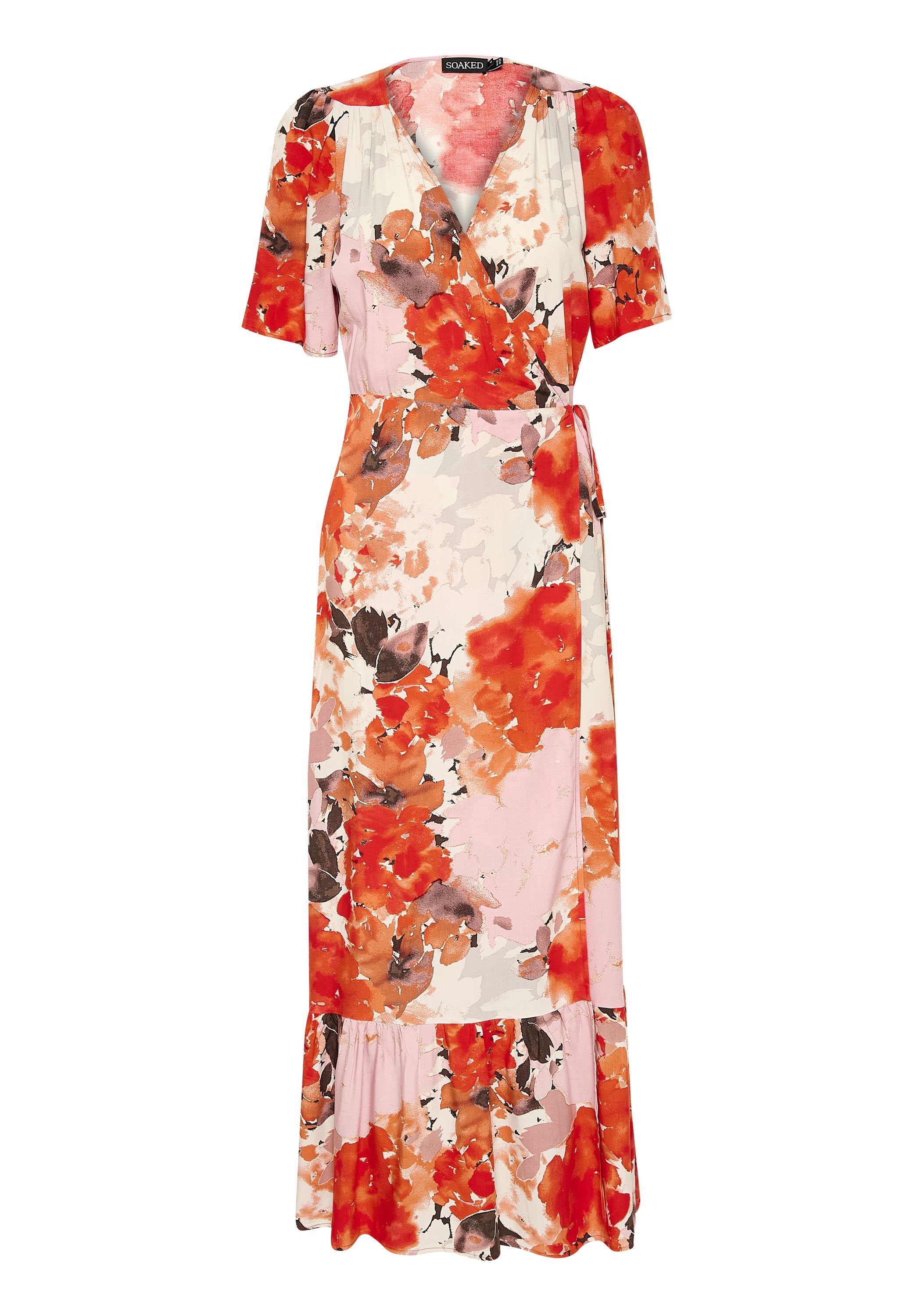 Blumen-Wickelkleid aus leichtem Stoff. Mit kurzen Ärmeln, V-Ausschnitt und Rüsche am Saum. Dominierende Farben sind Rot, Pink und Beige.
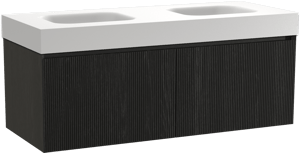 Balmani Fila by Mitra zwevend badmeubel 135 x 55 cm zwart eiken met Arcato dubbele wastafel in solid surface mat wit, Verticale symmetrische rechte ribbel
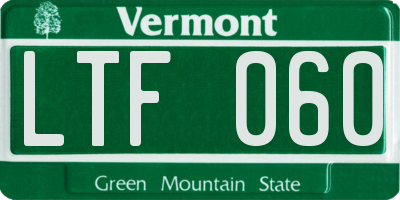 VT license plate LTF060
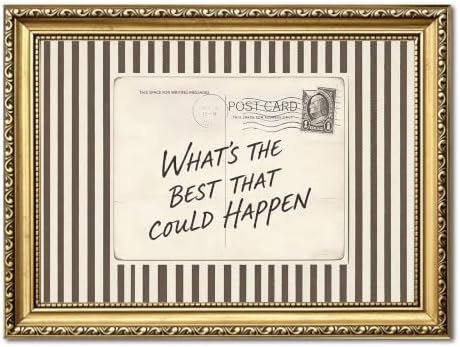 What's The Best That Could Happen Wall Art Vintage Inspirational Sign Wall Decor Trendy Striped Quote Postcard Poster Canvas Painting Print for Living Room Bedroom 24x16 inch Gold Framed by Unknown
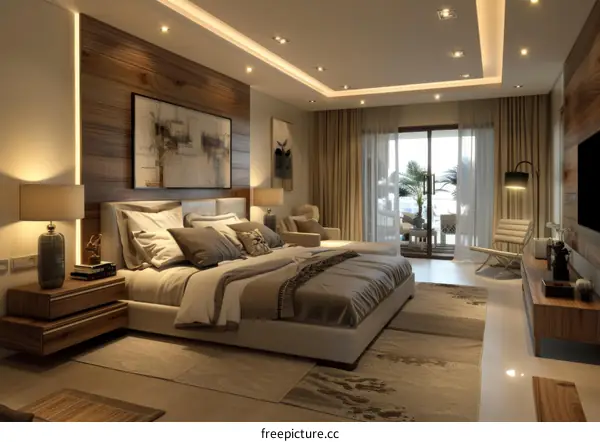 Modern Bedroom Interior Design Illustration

----------

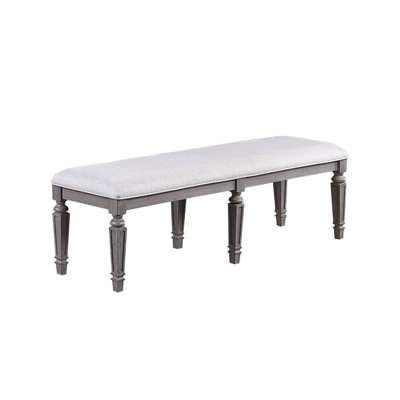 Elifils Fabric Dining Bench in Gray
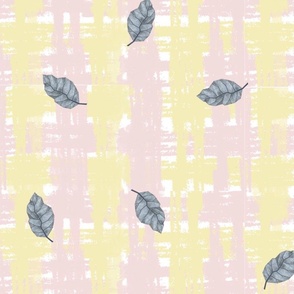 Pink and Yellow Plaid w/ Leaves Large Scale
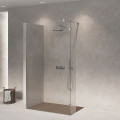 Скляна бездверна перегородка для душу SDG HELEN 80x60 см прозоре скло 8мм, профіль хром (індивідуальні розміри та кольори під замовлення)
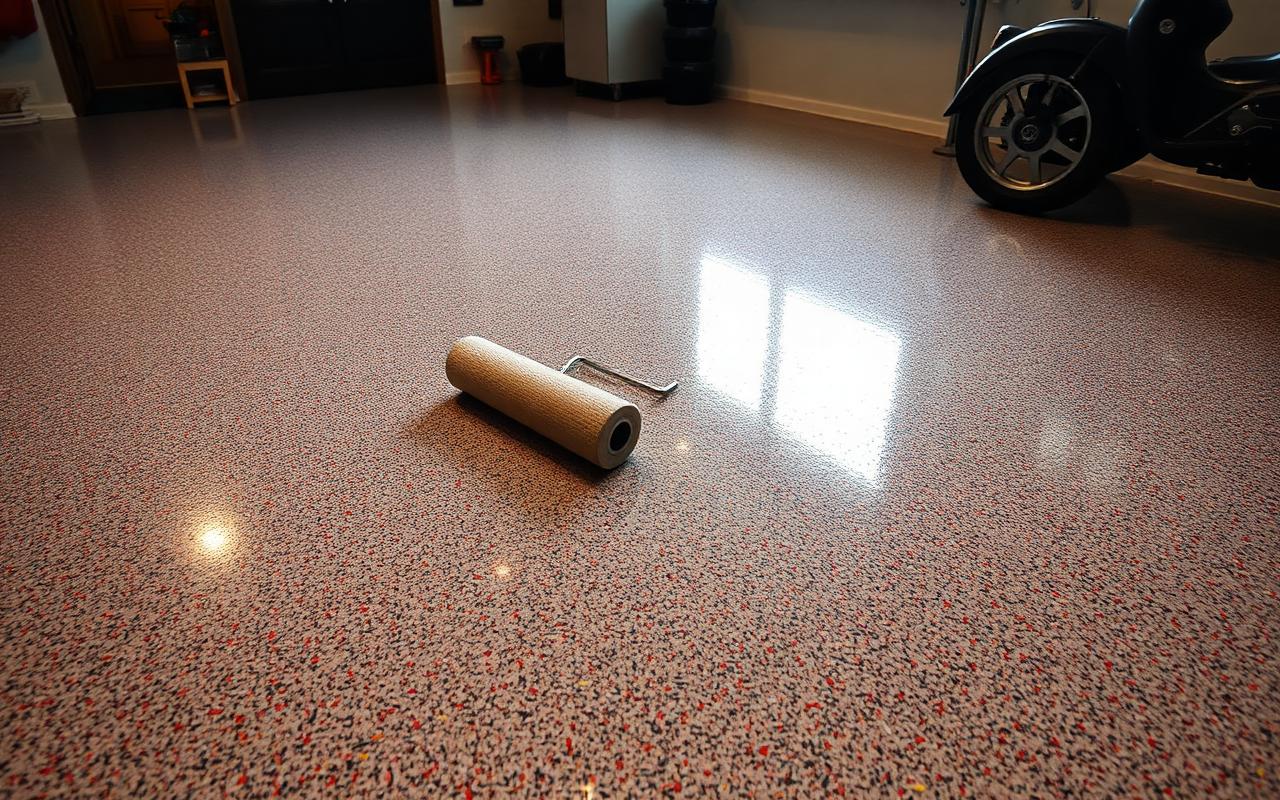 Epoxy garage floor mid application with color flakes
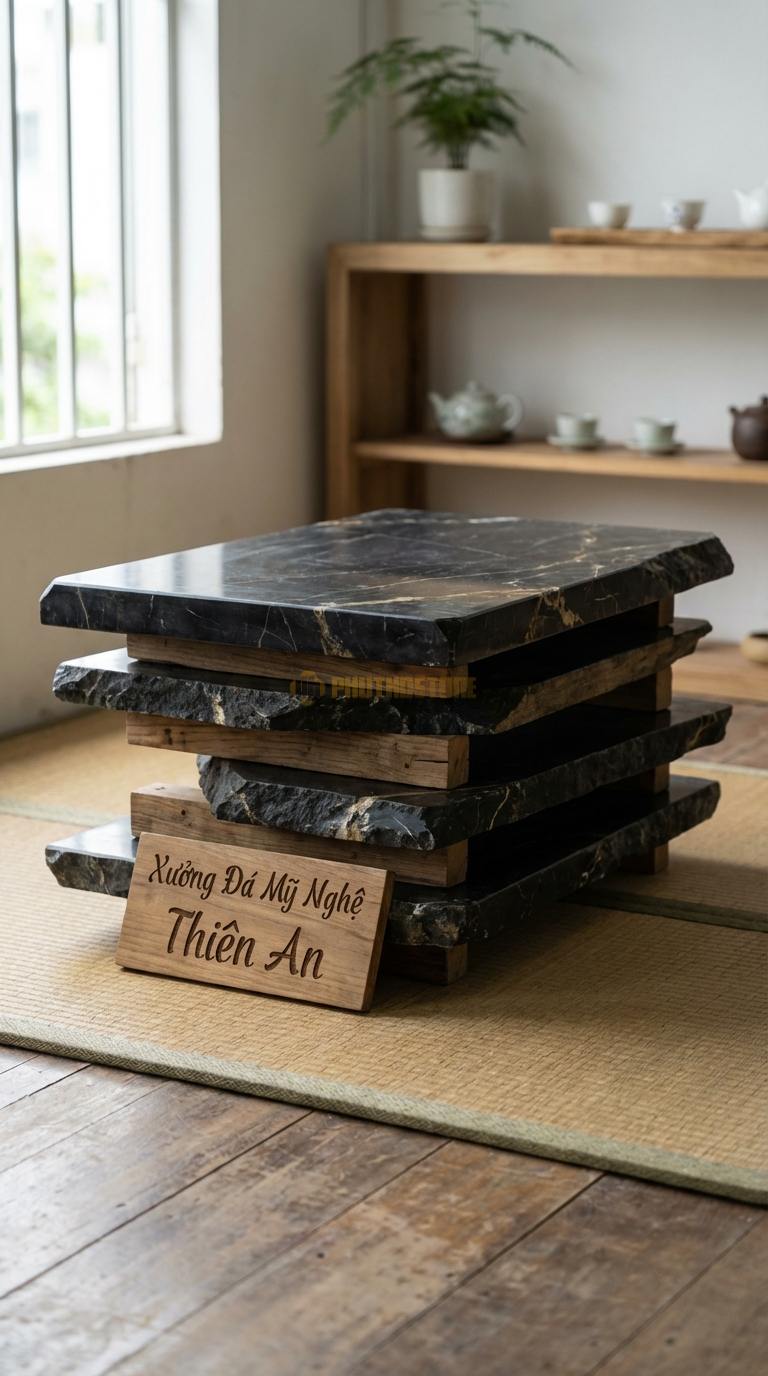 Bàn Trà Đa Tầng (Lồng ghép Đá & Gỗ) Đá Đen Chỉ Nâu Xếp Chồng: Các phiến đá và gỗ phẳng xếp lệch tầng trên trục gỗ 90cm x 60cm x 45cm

----------

**PROMPT:** Nothing outside the stretch above, from the line with "Elifils Fabric Dining Bench in Gray" through the line with "Bàn Trà Đa Tầng", is set down. Transcribe that stretch exactly, ends included, but not its pictures.

**TASK SOLUTION:**
 Elifils Fabric Dining Bench in Gray
 Pink and Yellow Plaid w/ Leaves Large Scale
 Скляна бездверна перегородка для душу SDG HELEN 80x60 см прозоре скло 8мм, профіль хром (індивідуальні розміри та кольори під замовлення)
 Epoxy garage floor mid application with color flakes
 Bàn Trà Đa Tầng (Lồng ghép Đá & Gỗ) Đá Đen Chỉ Nâu Xếp Chồng: Các phiến đá và gỗ phẳng xếp lệch tầng trên trục gỗ 90cm x 60cm x 45cm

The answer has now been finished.